Often what brings people together has absolutely nothing to do with what will keep them together in the long run. Getting close to someone is often the result of mutual attraction or the discovery of things that you have in common. If you both like tennis, that might be enough to draw you together.
Dating couples find things about each other that they like, and these mutual attractions or common interests pull them into a relationship. People who work together towards common goals will find themselves getting close to each other. Just ask any war veteran how they feel about their foxhole buddy.
But what often brings people together isn’t what will keep them together in the long run. To keep people together, you have to graduate from common interests to common values.
It has been my experience that the mere fact that you are related to someone doesn’t mean that you’ll be close to them. You share the same roots, but unless you share similar values in life you won’t feel close to them. You may love them, even spend time with them, you’ll just not feel close over the long haul.

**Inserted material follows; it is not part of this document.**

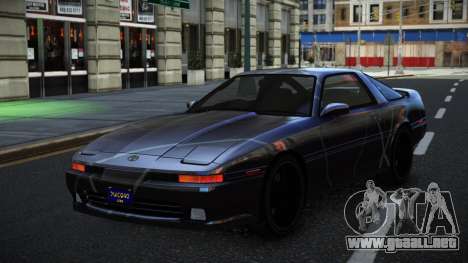 Toyota Supra Jubais S14 para GTA 4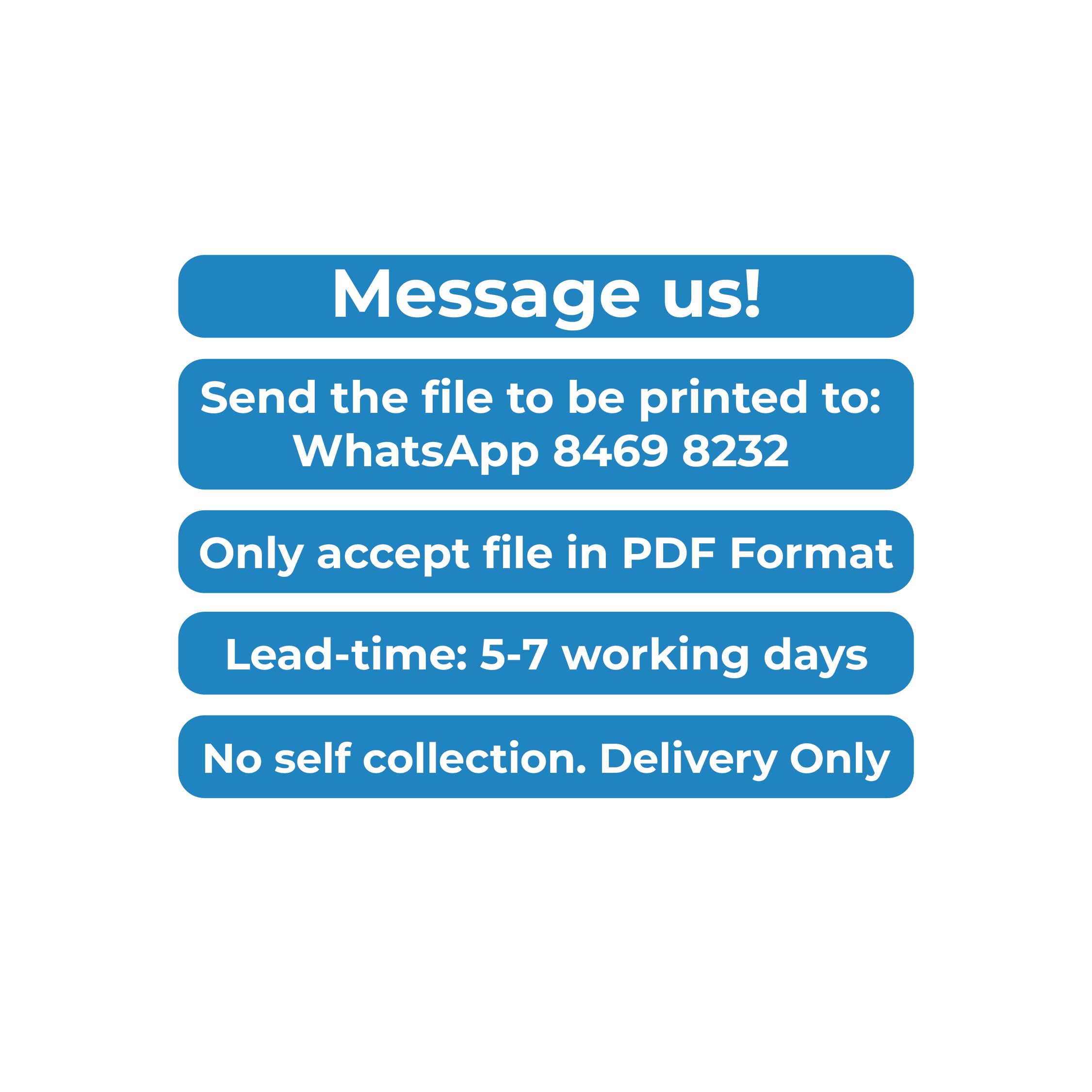 Printed Pages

People often think that the strongest relationship bond is family. But that isn’t so. Stronger than a blood bond is a values bond. People who share the same values and principles in life will always have a closer relationship than family who do not share those same values.

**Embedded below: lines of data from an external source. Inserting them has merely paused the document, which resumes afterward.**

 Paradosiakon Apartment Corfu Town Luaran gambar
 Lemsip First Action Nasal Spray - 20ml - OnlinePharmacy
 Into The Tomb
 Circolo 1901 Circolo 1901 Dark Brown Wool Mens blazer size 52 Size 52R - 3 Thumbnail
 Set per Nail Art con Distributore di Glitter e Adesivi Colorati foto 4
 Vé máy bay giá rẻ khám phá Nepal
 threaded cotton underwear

But add a values bond to a blood bond and you have a truly strong relationship. You have many ties that bind.
To have a long and lasting relationship, it will be imperative to discover and share similar values of life. For example, two people who share completely different values on God may get married and do fine until the children come along. Now each of them wants to impress their separate and contradicting values on their children. This results in tension, fights, and, more often than not, a divorce.
I have family members that I wouldn’t trust to watch my children, simply because I fear what they would have showing on TV, or what my children may discover in the refrigerator, or the language that they would be forced to listen to. Just because we are related doesn’t mean that I am close to them. I wish I was, but because our value systems are so diametrically opposed to each other, we aren’t close.

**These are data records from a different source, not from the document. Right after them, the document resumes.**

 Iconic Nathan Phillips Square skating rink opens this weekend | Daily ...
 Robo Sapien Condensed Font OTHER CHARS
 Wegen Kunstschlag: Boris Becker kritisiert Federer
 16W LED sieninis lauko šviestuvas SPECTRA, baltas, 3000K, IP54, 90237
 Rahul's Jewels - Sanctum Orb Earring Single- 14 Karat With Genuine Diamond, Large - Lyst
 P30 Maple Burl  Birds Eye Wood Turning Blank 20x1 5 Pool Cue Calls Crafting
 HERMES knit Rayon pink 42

Many people enter into a relationship just because they have shared interests. They never look to see if they share the same values or not. They base the entire relationship on the fun or excitement the relationship brings. All of that fun will melt and evaporate the first time you encounter values that can’t be reconciled with each other.
During the second date with my future wife, I shared with her some of my values, intentions, and dreams of my future. I wanted her to know where I stood on certain values and morals. And over the years we’ve been together, it has been the values that have given us depth and kept us close. Our interests have changed, but our values remain rock solid. We share new interests now-all of which is fun and enjoyable-but the bedrock of our relationship remains our shared values.